Kalau kita melihat secara jernih apa yang dilakukan Kemal Attaturk tahun 1924 M, maka sesungguhnya ia hanyalah menghapuskan sistem kerajaan, sebab sistem kekhalifahan yang sesungguhnya telah diputus oleh Umayah dahulu. (Muhammad Al-Ghazali, h. 111)
Di zaman itu selain ada dinasti Utsmaniyah di Turki, di wilayah lain juga ada kerajaan Safawi di Persia dan Mughal di India, yang sebelumnya didahului oleh dinasti Fatimiyah di Mesir.

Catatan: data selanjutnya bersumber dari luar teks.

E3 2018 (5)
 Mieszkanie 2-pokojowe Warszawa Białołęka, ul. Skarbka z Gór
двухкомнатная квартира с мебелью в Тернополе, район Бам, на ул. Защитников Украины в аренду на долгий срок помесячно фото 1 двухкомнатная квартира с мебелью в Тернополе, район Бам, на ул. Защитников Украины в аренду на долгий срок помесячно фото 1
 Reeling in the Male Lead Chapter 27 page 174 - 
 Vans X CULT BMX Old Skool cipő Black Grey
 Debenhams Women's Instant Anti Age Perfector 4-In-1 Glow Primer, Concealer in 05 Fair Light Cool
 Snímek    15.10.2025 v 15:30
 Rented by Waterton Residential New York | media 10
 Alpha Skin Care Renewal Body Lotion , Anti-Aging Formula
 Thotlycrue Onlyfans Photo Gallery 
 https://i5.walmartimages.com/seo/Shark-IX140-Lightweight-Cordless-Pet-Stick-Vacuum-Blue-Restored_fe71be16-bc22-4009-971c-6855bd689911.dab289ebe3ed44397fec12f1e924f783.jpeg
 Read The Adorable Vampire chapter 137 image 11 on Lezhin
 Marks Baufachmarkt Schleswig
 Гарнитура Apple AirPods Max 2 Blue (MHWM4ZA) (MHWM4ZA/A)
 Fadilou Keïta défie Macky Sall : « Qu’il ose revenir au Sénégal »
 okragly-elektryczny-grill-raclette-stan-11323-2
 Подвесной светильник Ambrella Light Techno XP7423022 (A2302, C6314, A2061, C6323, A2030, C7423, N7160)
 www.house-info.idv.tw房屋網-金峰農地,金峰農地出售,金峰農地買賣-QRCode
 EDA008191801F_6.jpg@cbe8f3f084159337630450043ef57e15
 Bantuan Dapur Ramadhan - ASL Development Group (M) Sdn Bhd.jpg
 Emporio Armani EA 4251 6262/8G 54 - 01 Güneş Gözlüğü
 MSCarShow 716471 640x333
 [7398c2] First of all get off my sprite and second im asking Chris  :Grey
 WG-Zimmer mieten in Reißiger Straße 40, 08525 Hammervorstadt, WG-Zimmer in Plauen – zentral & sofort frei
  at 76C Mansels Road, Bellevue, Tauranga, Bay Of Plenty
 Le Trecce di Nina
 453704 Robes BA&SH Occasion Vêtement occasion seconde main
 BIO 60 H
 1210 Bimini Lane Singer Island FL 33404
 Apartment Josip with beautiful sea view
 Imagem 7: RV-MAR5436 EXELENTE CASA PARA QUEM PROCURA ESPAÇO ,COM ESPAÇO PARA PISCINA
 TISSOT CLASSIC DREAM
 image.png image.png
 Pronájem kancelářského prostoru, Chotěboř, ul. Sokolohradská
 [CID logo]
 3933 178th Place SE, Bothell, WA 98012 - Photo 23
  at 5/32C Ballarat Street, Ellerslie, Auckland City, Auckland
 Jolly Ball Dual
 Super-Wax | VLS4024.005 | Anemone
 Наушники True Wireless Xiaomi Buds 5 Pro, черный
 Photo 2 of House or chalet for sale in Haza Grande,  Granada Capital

Mengapa harus dengan khilafah? Padahal berkaitan dengan persoalan negara, Islam tidak menyebutkan sistem apa yang harus dianut, hanya umat Islam harus menjalankan syariat. Apapun bentuk negaranya yang terpenting syariah dapat berlaku seperti di Madinah pada masa nabi dan periode sahabat. (M. Yusuf Musa, h. 26)
Apakah isu tentang khilafah cukup relevan untuk saat ini? Saya kira banyak hal lain yang paling penting dan mendesak. Akan lebih baik, bila kita bertanya apa sesungguhnya yang dapat kita lakukan saat ini agarIndonesialebih baik di masa depan? Dengan usaha yang kongkrit dan jelas.
Energi kita akan habis bila kita terus berkutat dengan persoalan khilafah, yang pengertiannya seperti pemerintahan yang total, seluas negara-negara berpenduduk Muslim. Mungkinkah dapat dicapai pemerintahan semacam itu jika kita melihat pada kenyataan, bahwa negara-negara Arab saja sulit bersatu, dan apalagi dengan seluruh negeri berpenduduk Muslim? Harapan ini adalah harapan yang tidak realistis, atau utopis.
Apakah ini berkaitan dengan persolan penafsiran sejarah? Ataukah persoalan syariah?